I got home and wanted a pie. Being an adult person who don't need no permission to do no damn thing, I strode past my housemate and his significant other, clad in black dress paired with obnoxious Peruvian trousers. Rain, cold and any quiet night they were hoping to be having be damned, I wanted a pie. Or a box of Shapes. Or a pie.
I bought a pie, and a sausage roll. I rejoiced. I stood outside the 7-11, with pie in one hand and a sausage roll in the other, gazing at the monumental Choice That Lay Ahead, while the light from the service station shone down upon me. It was a truly glorious moment.
The pie first?
The sausage roll first?
I had wanted the pie initially, so surely it was to be a case of save-the-best-till-last? Or was it?
Eat one now?
Or do I eat both these meaty bad boys from the comfort of my bed, with the cast of the West Wing for company?

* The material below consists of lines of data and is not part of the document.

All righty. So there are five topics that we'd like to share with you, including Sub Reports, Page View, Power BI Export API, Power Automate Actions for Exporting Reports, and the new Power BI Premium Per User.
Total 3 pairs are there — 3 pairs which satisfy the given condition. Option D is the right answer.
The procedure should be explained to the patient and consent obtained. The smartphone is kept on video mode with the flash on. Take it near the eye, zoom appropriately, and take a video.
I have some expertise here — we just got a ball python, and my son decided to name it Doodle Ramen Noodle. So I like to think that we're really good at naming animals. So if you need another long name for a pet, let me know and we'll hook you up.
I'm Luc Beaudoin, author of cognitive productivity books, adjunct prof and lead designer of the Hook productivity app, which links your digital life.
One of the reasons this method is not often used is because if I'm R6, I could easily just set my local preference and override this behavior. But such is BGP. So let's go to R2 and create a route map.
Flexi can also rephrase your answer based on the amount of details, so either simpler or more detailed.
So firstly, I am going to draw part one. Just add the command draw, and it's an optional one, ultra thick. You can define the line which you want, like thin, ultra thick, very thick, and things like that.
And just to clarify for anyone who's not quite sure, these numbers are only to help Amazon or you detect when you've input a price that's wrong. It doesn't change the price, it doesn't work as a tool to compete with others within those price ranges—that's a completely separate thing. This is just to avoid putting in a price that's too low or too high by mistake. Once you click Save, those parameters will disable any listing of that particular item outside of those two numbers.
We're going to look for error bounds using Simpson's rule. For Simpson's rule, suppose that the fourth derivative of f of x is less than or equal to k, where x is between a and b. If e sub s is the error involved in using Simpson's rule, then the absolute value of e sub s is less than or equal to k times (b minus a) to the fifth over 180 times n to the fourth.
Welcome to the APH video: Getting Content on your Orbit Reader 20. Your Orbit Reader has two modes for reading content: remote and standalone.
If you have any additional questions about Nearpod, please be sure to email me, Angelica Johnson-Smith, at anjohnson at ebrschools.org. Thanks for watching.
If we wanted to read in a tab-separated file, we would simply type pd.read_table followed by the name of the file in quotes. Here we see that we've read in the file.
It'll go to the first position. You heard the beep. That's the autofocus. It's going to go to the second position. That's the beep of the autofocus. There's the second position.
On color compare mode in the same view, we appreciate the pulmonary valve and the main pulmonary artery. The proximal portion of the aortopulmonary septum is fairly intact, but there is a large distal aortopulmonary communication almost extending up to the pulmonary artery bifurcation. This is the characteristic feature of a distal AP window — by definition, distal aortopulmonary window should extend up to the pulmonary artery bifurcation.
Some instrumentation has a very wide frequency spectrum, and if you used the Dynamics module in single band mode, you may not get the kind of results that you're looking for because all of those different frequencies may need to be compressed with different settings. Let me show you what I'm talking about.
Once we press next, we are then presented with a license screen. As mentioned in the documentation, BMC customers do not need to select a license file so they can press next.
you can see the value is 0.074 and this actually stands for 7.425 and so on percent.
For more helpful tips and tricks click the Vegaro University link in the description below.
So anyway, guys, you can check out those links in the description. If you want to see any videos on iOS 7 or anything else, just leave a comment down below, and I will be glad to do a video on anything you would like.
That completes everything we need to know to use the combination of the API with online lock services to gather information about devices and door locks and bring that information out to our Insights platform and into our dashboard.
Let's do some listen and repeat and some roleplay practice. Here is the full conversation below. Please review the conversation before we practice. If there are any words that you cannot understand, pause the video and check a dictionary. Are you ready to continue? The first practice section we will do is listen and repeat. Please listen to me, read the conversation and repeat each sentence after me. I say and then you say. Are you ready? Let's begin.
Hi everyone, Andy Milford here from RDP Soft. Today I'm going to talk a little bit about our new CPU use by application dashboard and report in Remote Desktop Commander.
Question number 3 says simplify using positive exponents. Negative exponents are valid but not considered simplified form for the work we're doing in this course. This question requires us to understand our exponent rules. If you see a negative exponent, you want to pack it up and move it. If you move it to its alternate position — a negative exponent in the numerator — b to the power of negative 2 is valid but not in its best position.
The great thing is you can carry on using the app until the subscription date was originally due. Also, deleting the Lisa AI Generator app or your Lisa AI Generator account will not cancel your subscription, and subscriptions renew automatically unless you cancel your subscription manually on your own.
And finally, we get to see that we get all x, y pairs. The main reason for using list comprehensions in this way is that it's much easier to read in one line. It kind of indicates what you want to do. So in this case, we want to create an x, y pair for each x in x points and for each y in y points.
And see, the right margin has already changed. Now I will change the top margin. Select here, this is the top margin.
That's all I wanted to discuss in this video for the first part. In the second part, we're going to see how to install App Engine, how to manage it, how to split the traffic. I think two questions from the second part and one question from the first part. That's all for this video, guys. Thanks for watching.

A break in traffic, and suddenly none of the questions mattered at all. For as I reached the middle of the road, from my hand tumbled the pie. It fell in slow motion onto the road. My pie looked up at me, distraught, pleading with me not to be left behind.
NEVER! I wouldn't do that, little pie. I wouldn't leave you and your crusty outside and your meaty insides to waste away here on the tram tracks. I wouldn't have travelled all this way only to leave you here to die a lonesome death.
I knelt down to pick up my dear dying pie, to reassure it that no man gets left on my watch dammit. I looked up to see a pair of headlights in front of me, growing steadily larger.
Pie? Jump? Run? Save myself and my food? Or save myself and merely attempt to be happy with the sausage roll I was to be left with?
I leapt out of the way in the nick of time.
The car sped by. I briefly high-fived myself inwardly for still being alive, then inwardly gasped as I realised my pie might have been squashed. AND I'D PROMISED THAT NO MAN GETS LEFT BEHIND ON MY WATCH. How would I break it to the pie's family? Was it really worth not being hit by a car if my pie perished?
I ran back to the middle of the road and looked down. There it lay. My pie. Alive. I picked it up, and did a little dance in the middle of the road. Call it the Pie Victorious dance. If the pie had hands, I would have taken them in mine and spun it around in glee. Instead, I stood there in the middle of the road and ate the pie in about four bites.
All in all, a winner of a Friday night. I got a pie and I continued to live, sans car lodged in my face.